This month fifty years ago Betty Friedan’s The Feminine Mystique was published.

There is much than can—and will, no doubt—be said of this milestone.

But Lauren Noble, writing on The Corner, wisely restricts herself to one aspect of Frieden’s ideas and how they have played out over five decades: women and academia.

In 1963 Friedan “lamented the declining engagement of women in the life of the mind” and proposed that female students often weren’t interested in “getting a serious education.”

I've often thought that this allegation, often lodged, simply wasn't true–there have always been distinguished women authors and scholars. The idea that there were few well-educated women before feminism is offensive to me. But be that as it may…let's move on.

It can’t be denied that things have changed. Women now outnumber men on college campuses, and starting in 2011, women earned more advanced degrees than men.  One relatively new academic field, praised by Friedan in a 1997 addendum to Mystique, strikes me as a disaster, however. I refer to women’s studies.

As Noble recalls, Friedan hailed women’s studies as “a serious separate discipline.” Noble goes on to write:

Many of these women’s-studies departments have gone off on bizarre tangents, bearing no relation to most women’s experience or interests.

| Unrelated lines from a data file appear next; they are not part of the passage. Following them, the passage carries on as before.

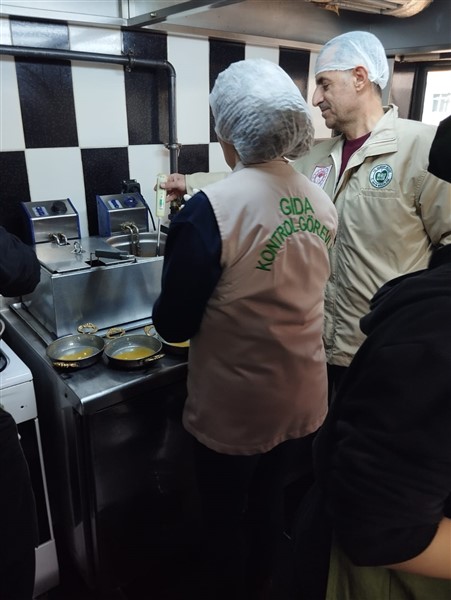 Samsun'da işletmelerde yağ kontrolü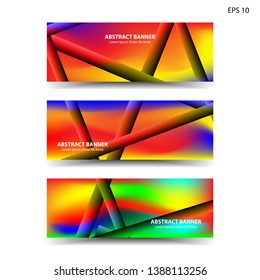 abstract gradient background geometric with trendy color for banner, web, flyer, brochure - vector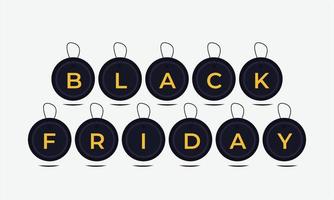 bannière de vente du vendredi noir, ensemble vectoriel de coupons d'étiquette de prix pour la vente du vendredi noir pour la décoration, étiquette du vendredi noir
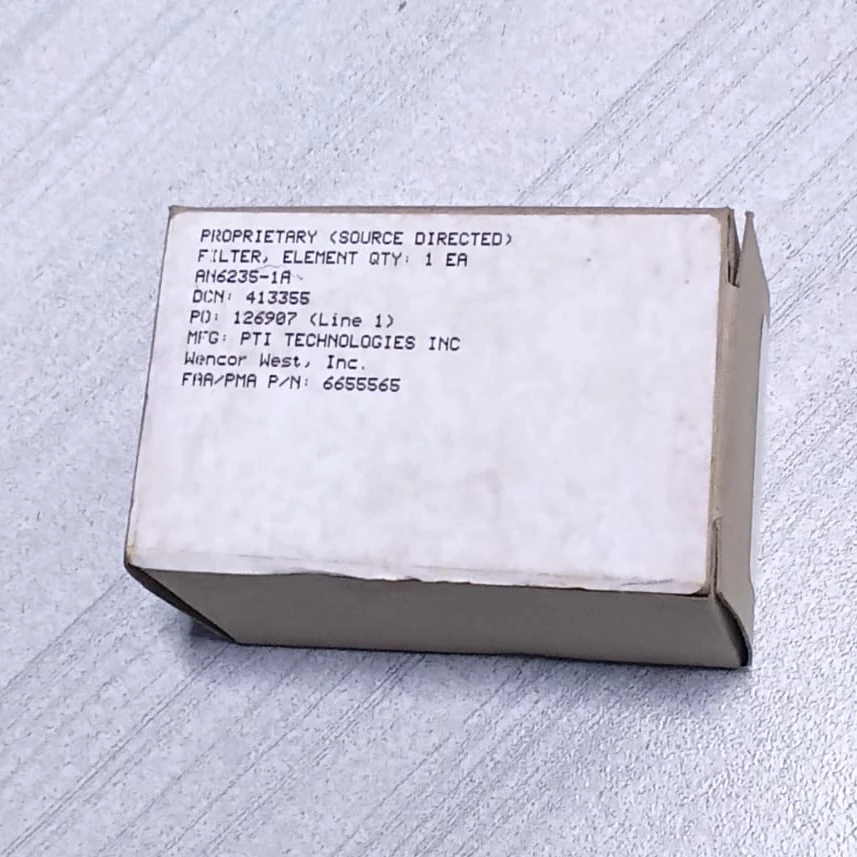PTI Technologies 6655565 Aircraft Fluid Filter Element 6655565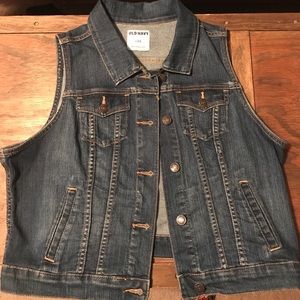 Old navy jean vest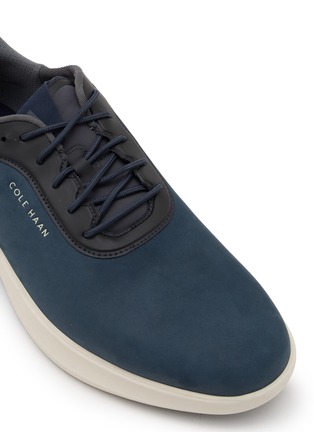Detail View - Click To Enlarge - COLE HAAN - OriginalGrand NEOARC Quick-On Suede Oxford Shoes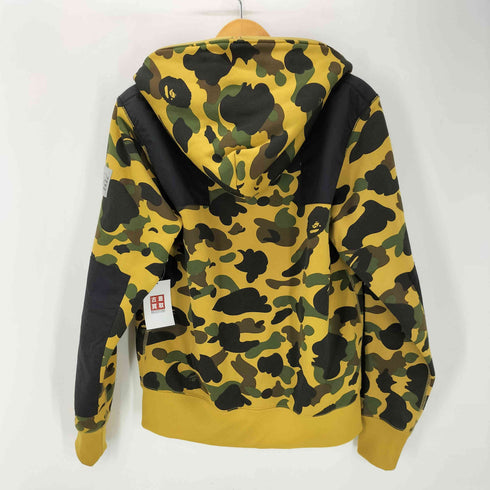 アベイシングエイプ BAPE by A BATHING APE 1st カモ 迷彩柄 異素材切替 フルジップ パーカー メンズ JPN:M
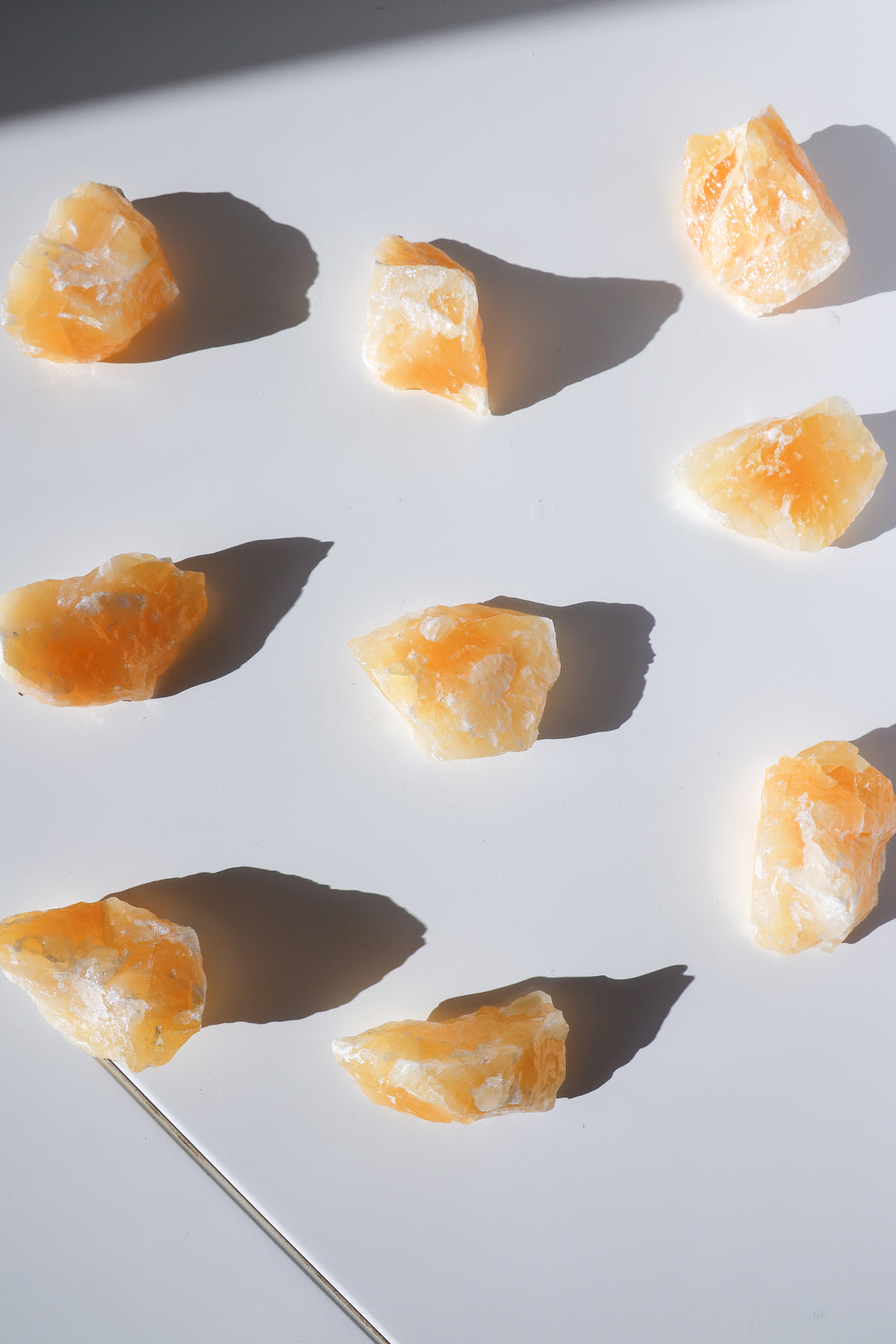 Orange Calcite Raw Crystal Chunk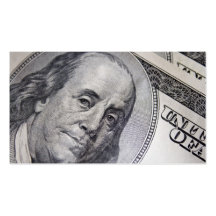 Benjamin Franklin stellen gegenüber Visitenkarten Vorlage
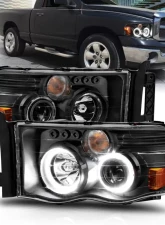 Anzo USA Projector Headlight Set w/Halo Dodge                                     - 111490 - Image 7
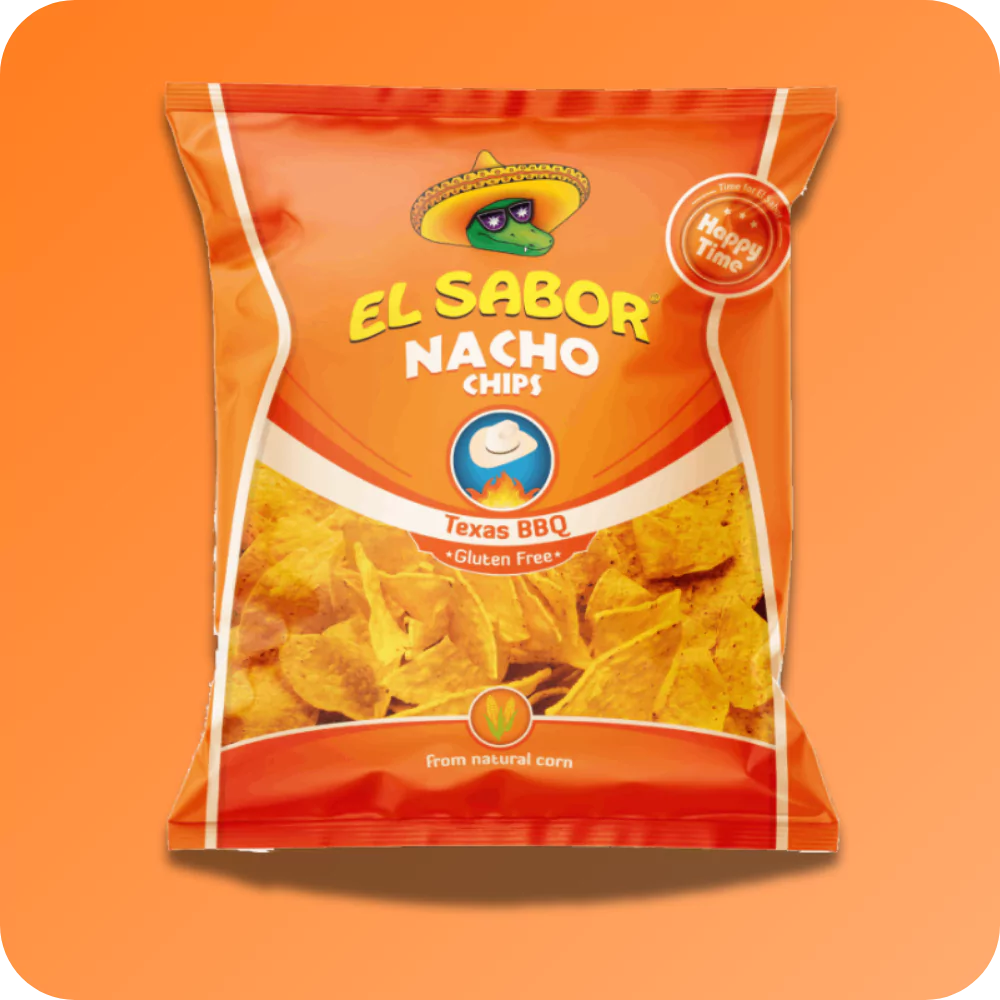 El Sabor Nacho Chips - Texaské grilovanie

Take the most recent course catalogues from leading institutions of higher education. This academic year in women’s-studies departments, students can immerse themselves in courses such as “Friends with Benefits?,” “Virgins, Vamps, and Camp: Gender and Sexuality in Classical Hollywood Cinema,” “Gender in a Transnational World,” “Black Sexuality in Literature and Popular Culture,” and “Types of Ideology and Literary Form — Pornography, Gender and the Rise of the Novel in Europe.”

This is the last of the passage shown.